Howle’s staff, charged by Proposition 11 with putting together the Citizens Redistricting Commission, has screened more than 31,000 applicants and is down to its final interviews of 120 people, evenly divided between Democrats, Republicans and independents.

The process is oddly complex, reflecting fears that someone, somewhere, somehow is going to figure out how to game the system for partisan advantage.

From the list of 120, the names of the 60 most qualified – again, equal parts of Democrats, Republicans and independents – will be sent to the Legislature, where the two top leaders in each house have the option of removing up to two names each – for a total of eight – from each group of 20.

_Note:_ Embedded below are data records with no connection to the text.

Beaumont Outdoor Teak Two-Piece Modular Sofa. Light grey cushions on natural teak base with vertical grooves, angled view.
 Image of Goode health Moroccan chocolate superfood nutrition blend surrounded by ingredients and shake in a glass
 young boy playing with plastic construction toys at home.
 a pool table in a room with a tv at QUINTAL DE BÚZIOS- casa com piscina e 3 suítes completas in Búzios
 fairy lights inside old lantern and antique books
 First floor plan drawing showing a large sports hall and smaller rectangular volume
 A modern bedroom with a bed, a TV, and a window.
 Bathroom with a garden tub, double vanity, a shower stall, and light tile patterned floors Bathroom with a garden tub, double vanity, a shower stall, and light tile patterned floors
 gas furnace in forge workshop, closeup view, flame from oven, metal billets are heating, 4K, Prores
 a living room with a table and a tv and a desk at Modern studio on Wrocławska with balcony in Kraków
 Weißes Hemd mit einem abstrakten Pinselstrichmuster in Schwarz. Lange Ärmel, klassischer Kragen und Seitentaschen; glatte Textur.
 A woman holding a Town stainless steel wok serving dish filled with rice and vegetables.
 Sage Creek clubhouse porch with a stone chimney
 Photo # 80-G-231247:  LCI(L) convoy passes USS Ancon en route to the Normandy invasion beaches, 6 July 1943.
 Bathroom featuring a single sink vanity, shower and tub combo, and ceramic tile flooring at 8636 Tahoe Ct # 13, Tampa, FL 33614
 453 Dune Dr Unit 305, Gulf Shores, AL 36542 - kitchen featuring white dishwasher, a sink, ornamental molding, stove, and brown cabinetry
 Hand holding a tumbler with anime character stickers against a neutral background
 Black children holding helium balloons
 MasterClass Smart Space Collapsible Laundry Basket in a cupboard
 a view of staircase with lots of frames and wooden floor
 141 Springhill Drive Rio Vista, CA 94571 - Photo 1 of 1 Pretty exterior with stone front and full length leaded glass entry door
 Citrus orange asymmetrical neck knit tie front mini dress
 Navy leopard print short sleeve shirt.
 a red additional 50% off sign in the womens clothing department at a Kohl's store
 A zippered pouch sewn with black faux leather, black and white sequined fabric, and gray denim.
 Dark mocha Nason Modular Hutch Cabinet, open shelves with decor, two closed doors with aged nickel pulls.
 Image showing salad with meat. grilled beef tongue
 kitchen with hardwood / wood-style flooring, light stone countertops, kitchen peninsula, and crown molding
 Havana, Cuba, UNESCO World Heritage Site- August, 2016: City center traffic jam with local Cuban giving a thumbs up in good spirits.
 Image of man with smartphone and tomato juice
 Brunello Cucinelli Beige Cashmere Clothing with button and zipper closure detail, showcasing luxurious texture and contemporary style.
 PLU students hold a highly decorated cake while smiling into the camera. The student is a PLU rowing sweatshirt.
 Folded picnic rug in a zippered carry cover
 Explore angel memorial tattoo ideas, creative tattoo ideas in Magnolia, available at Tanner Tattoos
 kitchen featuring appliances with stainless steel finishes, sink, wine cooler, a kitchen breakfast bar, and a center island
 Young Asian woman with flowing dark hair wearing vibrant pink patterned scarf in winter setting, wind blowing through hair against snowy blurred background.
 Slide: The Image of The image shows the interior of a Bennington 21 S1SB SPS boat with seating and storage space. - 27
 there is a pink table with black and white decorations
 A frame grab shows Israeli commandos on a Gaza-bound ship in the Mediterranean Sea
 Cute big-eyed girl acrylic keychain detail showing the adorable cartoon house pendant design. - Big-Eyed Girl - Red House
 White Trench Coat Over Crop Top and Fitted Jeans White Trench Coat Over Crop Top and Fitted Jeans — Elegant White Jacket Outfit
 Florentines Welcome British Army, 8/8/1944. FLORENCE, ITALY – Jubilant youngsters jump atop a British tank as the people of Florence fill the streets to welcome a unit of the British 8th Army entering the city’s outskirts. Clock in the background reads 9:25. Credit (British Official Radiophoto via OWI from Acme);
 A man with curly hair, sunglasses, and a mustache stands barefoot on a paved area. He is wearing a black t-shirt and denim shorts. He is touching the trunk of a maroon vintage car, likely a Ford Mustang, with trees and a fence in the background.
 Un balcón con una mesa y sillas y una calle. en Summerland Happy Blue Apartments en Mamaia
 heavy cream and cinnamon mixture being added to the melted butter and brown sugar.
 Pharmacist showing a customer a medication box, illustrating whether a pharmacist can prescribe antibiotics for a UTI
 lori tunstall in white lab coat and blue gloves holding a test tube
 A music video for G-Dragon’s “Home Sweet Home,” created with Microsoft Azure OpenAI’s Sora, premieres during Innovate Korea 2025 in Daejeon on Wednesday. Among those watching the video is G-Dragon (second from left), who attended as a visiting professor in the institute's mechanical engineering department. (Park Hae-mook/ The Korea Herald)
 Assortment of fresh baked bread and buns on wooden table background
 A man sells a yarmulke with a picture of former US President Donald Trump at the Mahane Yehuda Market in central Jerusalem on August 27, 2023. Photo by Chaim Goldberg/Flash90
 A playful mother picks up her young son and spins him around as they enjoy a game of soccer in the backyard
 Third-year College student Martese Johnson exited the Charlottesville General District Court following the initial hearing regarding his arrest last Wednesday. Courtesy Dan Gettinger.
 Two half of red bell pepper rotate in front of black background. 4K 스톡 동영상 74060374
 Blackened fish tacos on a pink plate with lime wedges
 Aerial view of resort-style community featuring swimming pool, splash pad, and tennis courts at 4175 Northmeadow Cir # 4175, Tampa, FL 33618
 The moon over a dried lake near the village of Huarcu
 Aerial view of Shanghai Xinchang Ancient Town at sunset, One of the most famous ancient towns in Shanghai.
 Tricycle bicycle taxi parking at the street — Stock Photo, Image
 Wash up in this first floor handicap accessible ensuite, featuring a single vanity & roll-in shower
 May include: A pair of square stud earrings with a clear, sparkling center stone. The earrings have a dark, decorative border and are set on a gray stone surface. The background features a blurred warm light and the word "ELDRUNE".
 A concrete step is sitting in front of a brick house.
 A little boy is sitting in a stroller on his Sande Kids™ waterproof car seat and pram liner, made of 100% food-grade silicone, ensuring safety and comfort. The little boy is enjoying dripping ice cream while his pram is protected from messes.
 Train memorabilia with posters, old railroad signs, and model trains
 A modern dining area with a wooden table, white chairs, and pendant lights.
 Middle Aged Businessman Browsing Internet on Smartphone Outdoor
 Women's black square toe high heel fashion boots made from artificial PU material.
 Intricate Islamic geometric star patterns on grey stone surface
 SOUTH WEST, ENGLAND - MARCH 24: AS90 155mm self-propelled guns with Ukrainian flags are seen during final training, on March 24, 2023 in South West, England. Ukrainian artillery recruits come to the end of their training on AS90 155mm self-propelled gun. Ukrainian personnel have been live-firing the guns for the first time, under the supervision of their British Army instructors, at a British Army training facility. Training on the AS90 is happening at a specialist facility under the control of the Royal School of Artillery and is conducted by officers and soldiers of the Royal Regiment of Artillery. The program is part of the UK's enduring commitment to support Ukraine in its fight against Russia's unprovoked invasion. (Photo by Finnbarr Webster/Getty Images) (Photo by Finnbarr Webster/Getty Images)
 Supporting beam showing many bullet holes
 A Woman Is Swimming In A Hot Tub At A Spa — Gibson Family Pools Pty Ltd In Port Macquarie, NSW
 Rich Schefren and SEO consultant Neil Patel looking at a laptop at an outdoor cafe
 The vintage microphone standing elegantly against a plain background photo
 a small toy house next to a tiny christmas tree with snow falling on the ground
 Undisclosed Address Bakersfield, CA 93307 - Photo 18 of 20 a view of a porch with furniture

If the leaders fully exercise their option, the groups of 20 each would be cut to 12 each. Those three groups of 12 each would then be returned to the auditor, who would randomly select the first eight members of the commission.

Finally, those eight members would select the remaining six members. By law, all 14 members must be in place by Dec. 31, 2010.

The commission selection process came in for criticism early on for being dominated by white males, but that charge has abated.

The key unanswered question is how much money political leaders, including House Speaker Nancy Pelosi, will pour into the campaign to block, or abolish, the commission. Will there be funding for a tough campaign?

“It’s coming,” Munger said.


Editor’s Note: CORRECTS  reference to Munger’s father, 12th paragraph, and deletes reference to University of Phoenix.